Your objective →
Copy nothing but the lines below, from the one with "obstetrician checks newborn infant" through the one with "Bride in white", exactly as written; no pictures should appear.
Records provided Block Start
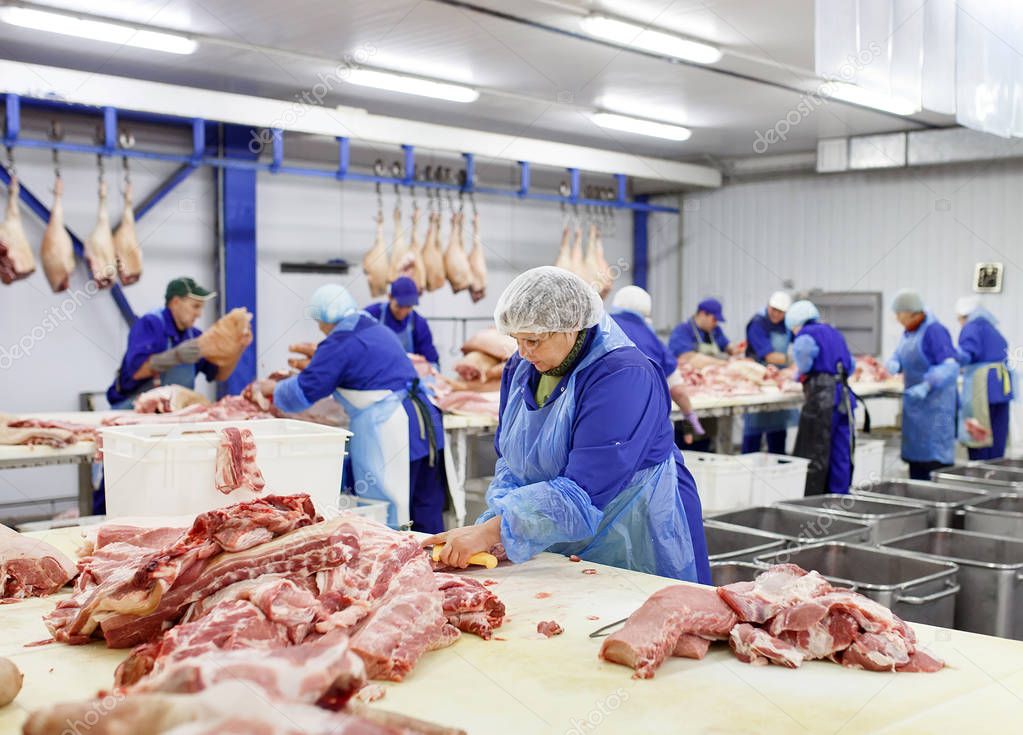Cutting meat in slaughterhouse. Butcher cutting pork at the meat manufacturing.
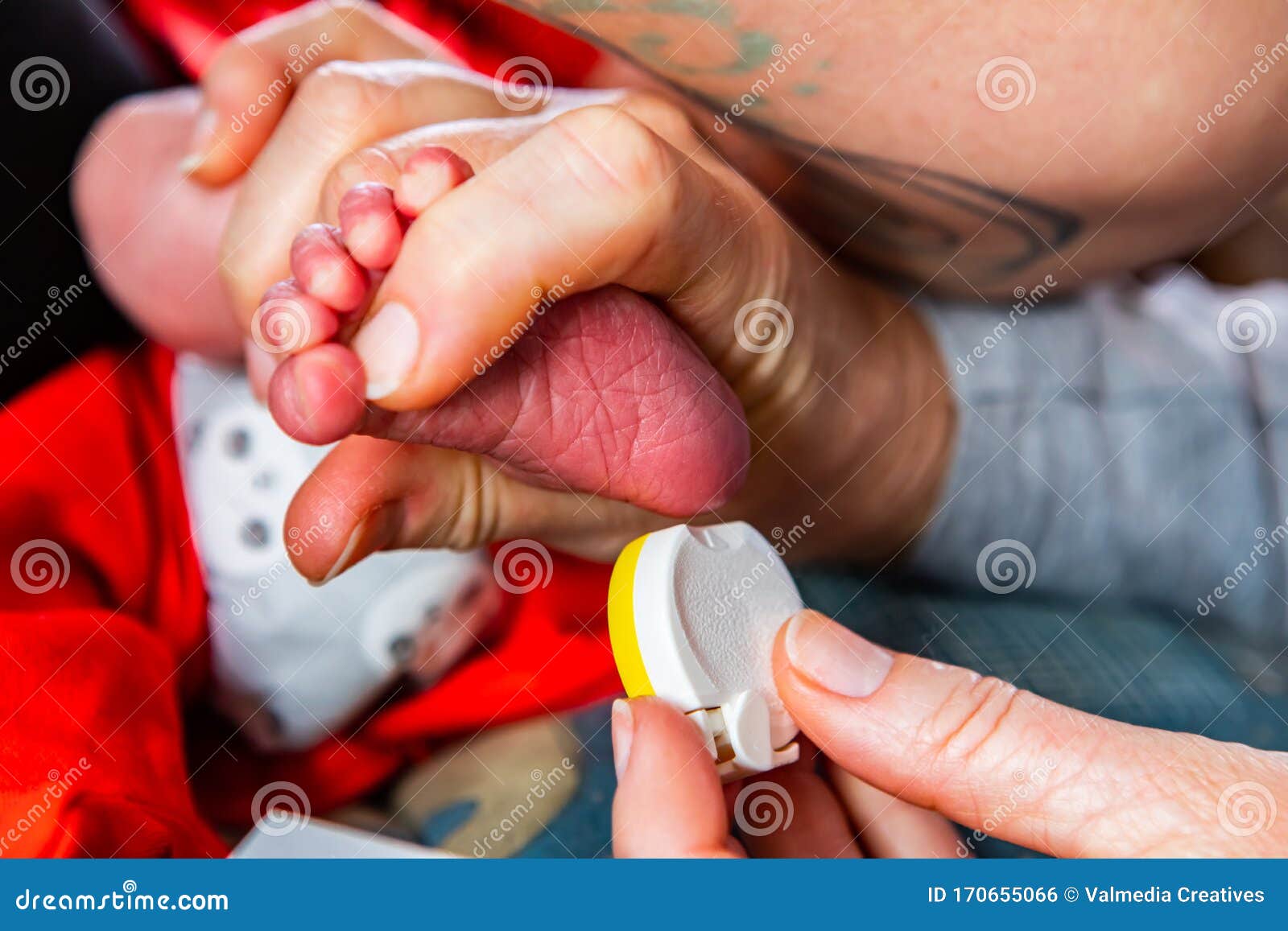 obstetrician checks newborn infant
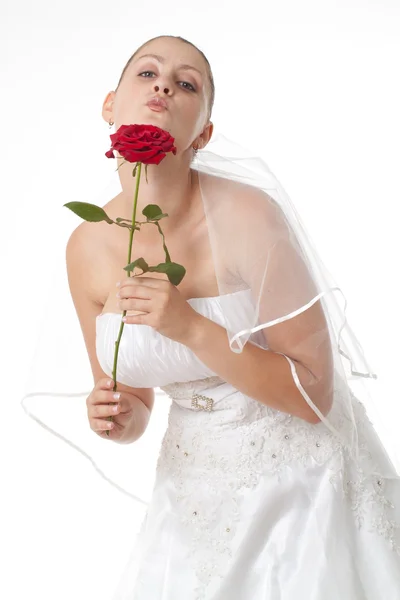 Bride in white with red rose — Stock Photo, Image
Records provided Block End
Records provided Block Start
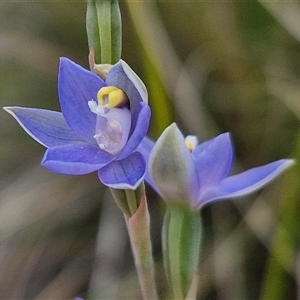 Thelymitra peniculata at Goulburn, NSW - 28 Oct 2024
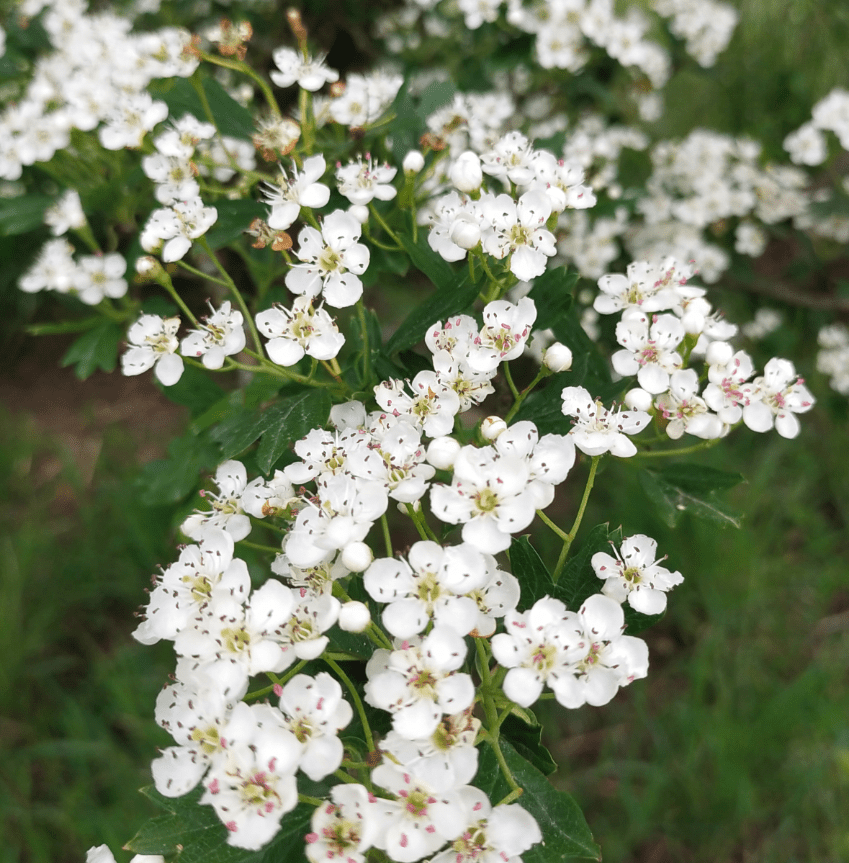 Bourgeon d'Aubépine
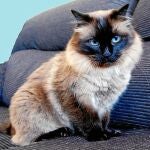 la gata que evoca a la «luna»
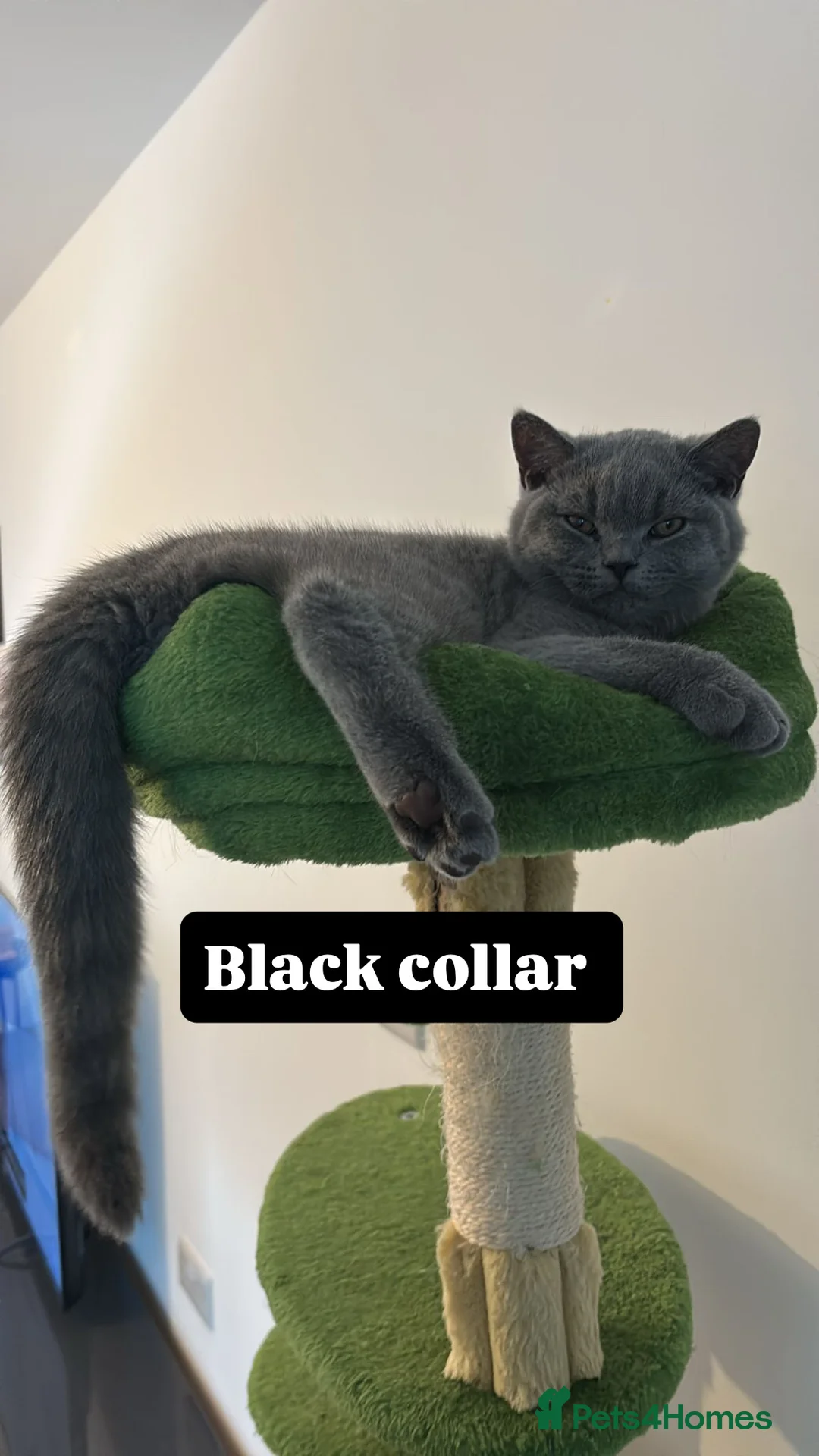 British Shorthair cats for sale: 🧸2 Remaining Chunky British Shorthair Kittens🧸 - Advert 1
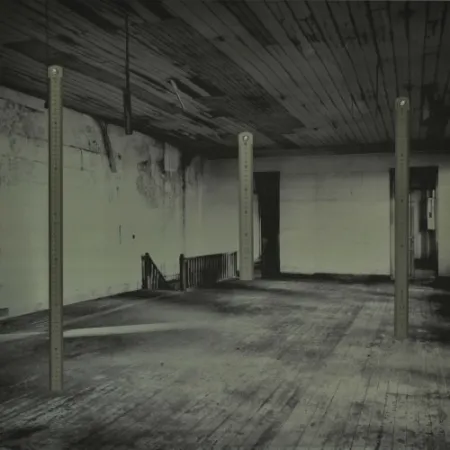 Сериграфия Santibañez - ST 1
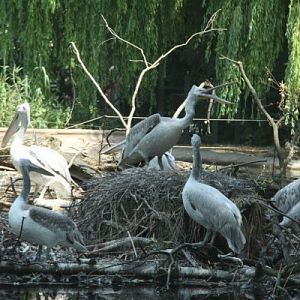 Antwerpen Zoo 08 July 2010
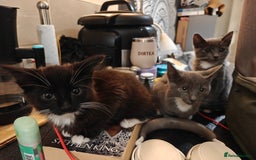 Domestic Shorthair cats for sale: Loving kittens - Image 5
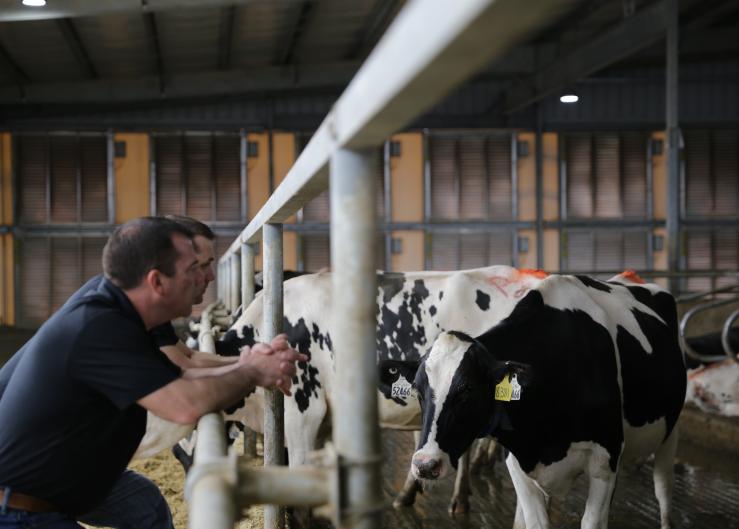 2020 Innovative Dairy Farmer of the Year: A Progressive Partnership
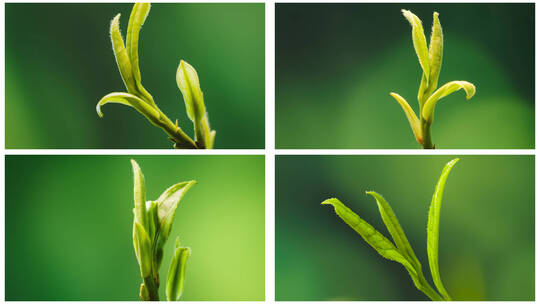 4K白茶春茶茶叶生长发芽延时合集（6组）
Records provided Block End
Records provided Block Start
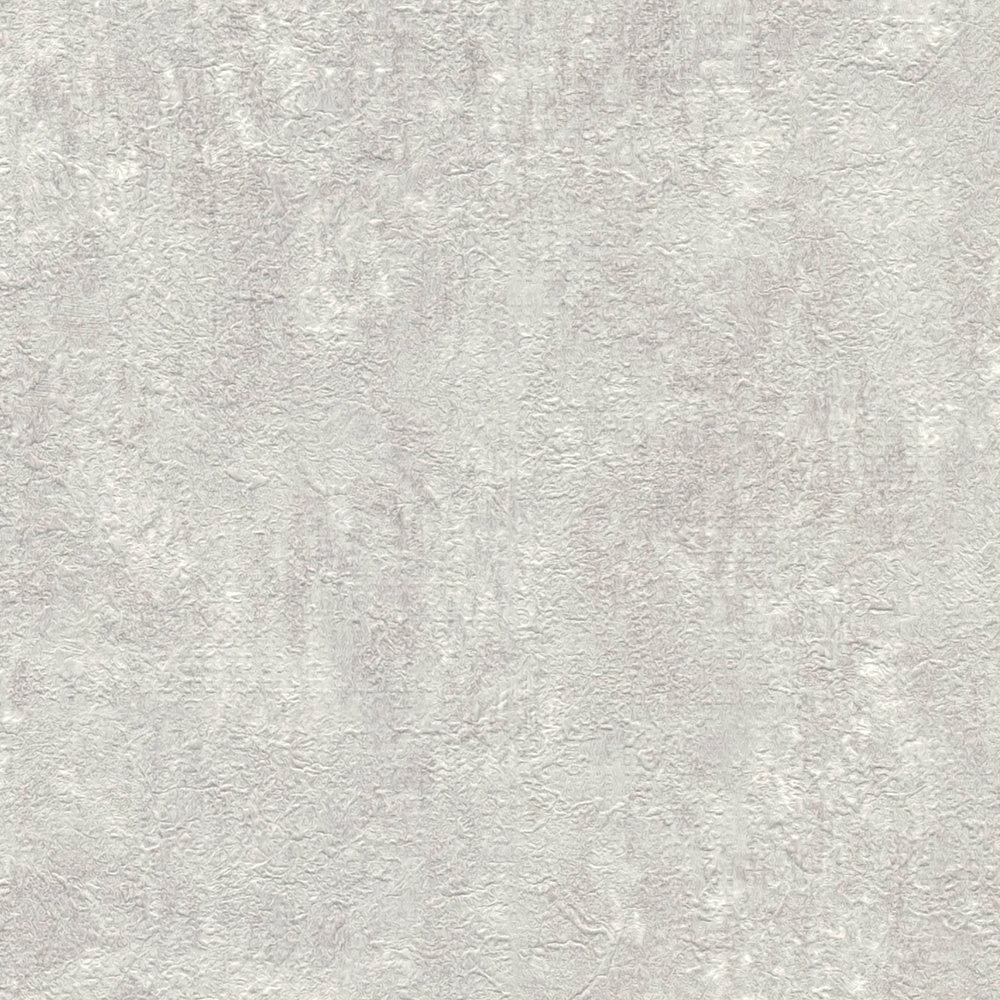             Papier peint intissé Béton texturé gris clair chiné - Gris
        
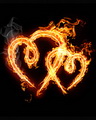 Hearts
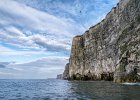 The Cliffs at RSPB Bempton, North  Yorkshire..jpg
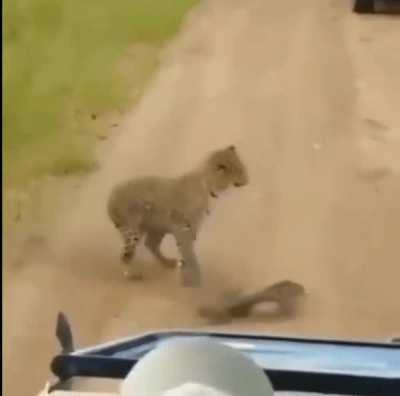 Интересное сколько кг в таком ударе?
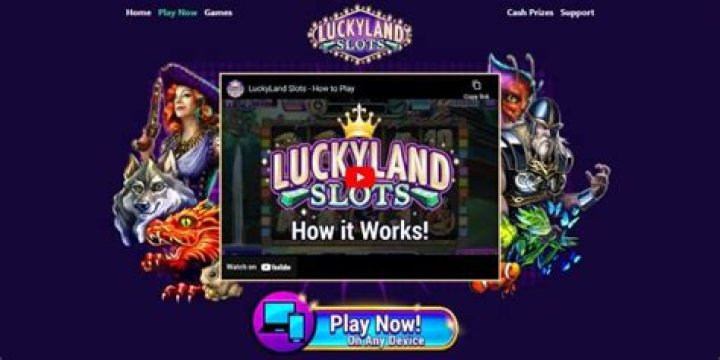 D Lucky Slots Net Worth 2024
Records provided Block End
Answer section →
 obstetrician checks newborn infant
 Bride in white with red rose — Stock Photo, Image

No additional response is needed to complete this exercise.